Undine Dreißig als Hexe. Ganz resignierter Überdruß, so hockt sie unbeweglich vor ihrer eigenen, seit ewig zusammengesunkenen Hochzeitstorte, erfüllt ihre Aufgabe als Verwandlerin der Nixe. Eine letzte Freude ist nur noch das Messerwetzen, bevor sie Rusalka die Nixenhaut abschält. Undine Dreißig singt die wilde Partie eher beherrscht, im Bewusstsein des Unabänderlichen. Rusalka indes will Veränderung, raus aus der ewigen kühl heiteren Gelassenheit. Für den Gewinn einer Seele lässt sie sich – als Opernfigur – ihr Bestes nehmen, die Stimme. Bevor sie aber bei den Menschen schweigt, singt sie das schönste Stück der Oper, das Lied an den Mond. Violinen- und Harfenzartheit und ein naiv raffiniertes Zweistrophenlied, das in seinem Oktavsprung alle Mädchensehnsucht dieser Welt ausdrückt. Raffaela Lintl versucht bewusst, keinen Operngala-Lieblingshappen daraus zu machen. Sie bleibt im Tempo, der Ausdruck ist jugendliche Unschuld.
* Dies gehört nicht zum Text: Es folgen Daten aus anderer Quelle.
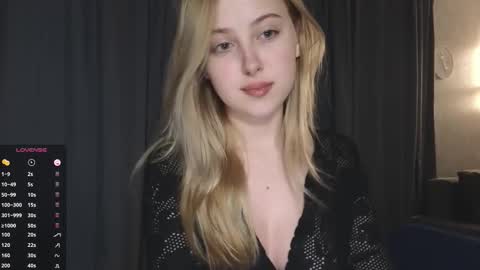  Chloe  online show from 10-24-25, 03:14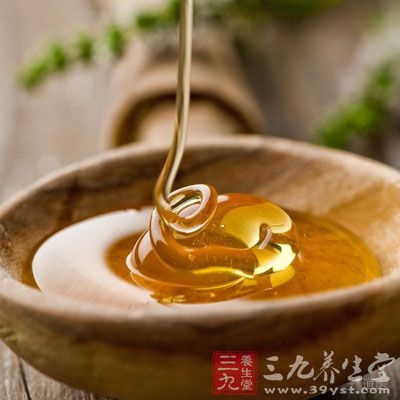 蜂蜜外用具有解毒、抗菌、消炎、滋润等功效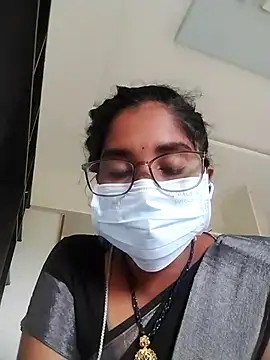 Snapshot of Mahaitha chatting on 09-25-25, 08:18 Mahaitha online show from 09-25-25, 08:18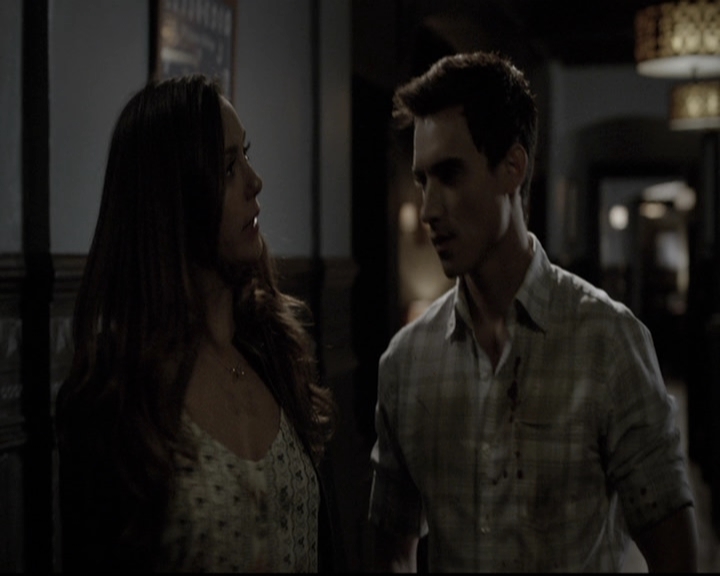 VampireDiariesWorld-dot-nl_6x05The_WorldHasTurnedAndLeftMeHere2014.jpg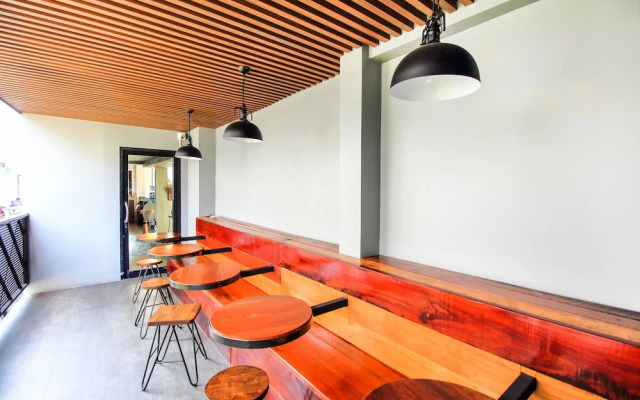 OYO 308 Wire Bangkok Hostel Onnut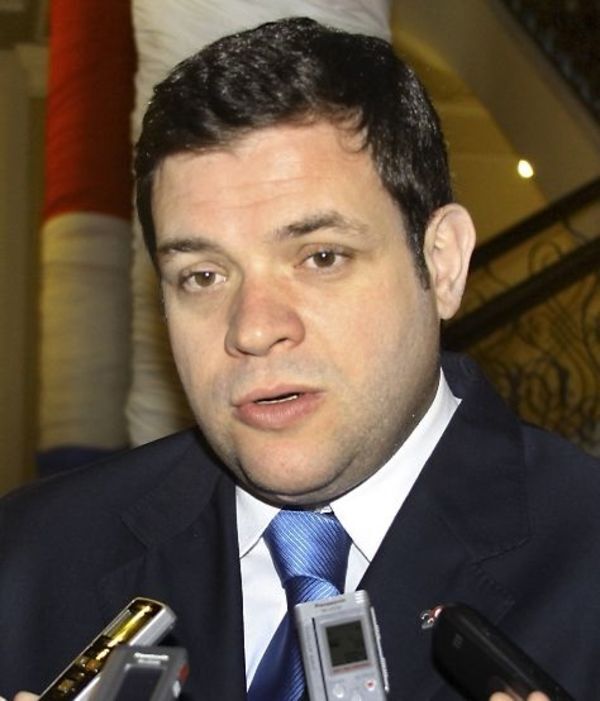Contraloría indaga al síndico de quiebras y esposa que estarían vinculados a Antonio Fretes - PDS RADIO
Auch ihre weiteren Arien behalten die lyrische Zurückhaltung und Bezauberungskraft. Eine wunderbare Rusalka, die obendrauf noch als ausdrucksstarke Tänzerin überzeugt.
Der vokal-dramatische Furor bleibt der enttäuschten Fürstin vorbehalten; mit Leidenschaft und Energie gesungen von Izabela Matula. Drei schönstimme Nymphen und die Chordamen unterstützen noch das großartige Ensemble der Frauenstimmen. Für die Männer hat Dvořák ein Kontrastprogramm konzipiert. Der bassgewaltige Wassermann stimmlich überzeugend, figürlich überragend Johannes Stermann, ist der allwissend weise Warner. Der tenorale Prinz hat erst ganz zum Schluss von irgendetwas eine Ahnung. Richard Furman singt ihn betörend, mit metallisch klarer, rein intonierender Tenorstimme. Anfangs selbstbewusst strahlende Unschuld, entwickelt er nicht immer sympathische Züge, kommt spät zur Erkenntnis. Sehr innig, mit leuchtstarker, feiner Kopfstimme dann sein berührendes Todeslied.
Eine wunderbare Aufführung voller Bild- und Klangpoesie. Vor allem für das Orchester eine echte Herausforderung. Im Gesamtkunstwerk Oper ist es in diesem Werk ganz besonders für den Duft und den Glanz zuständig. Am Premierenabend konnte man sich ihm getrost einfach überlassen.
Weitere Aufführungen: 16. September um 19.30 Uhr, 1. Oktober um 16 Uhr und 7. Oktober um 19.30 Uhr.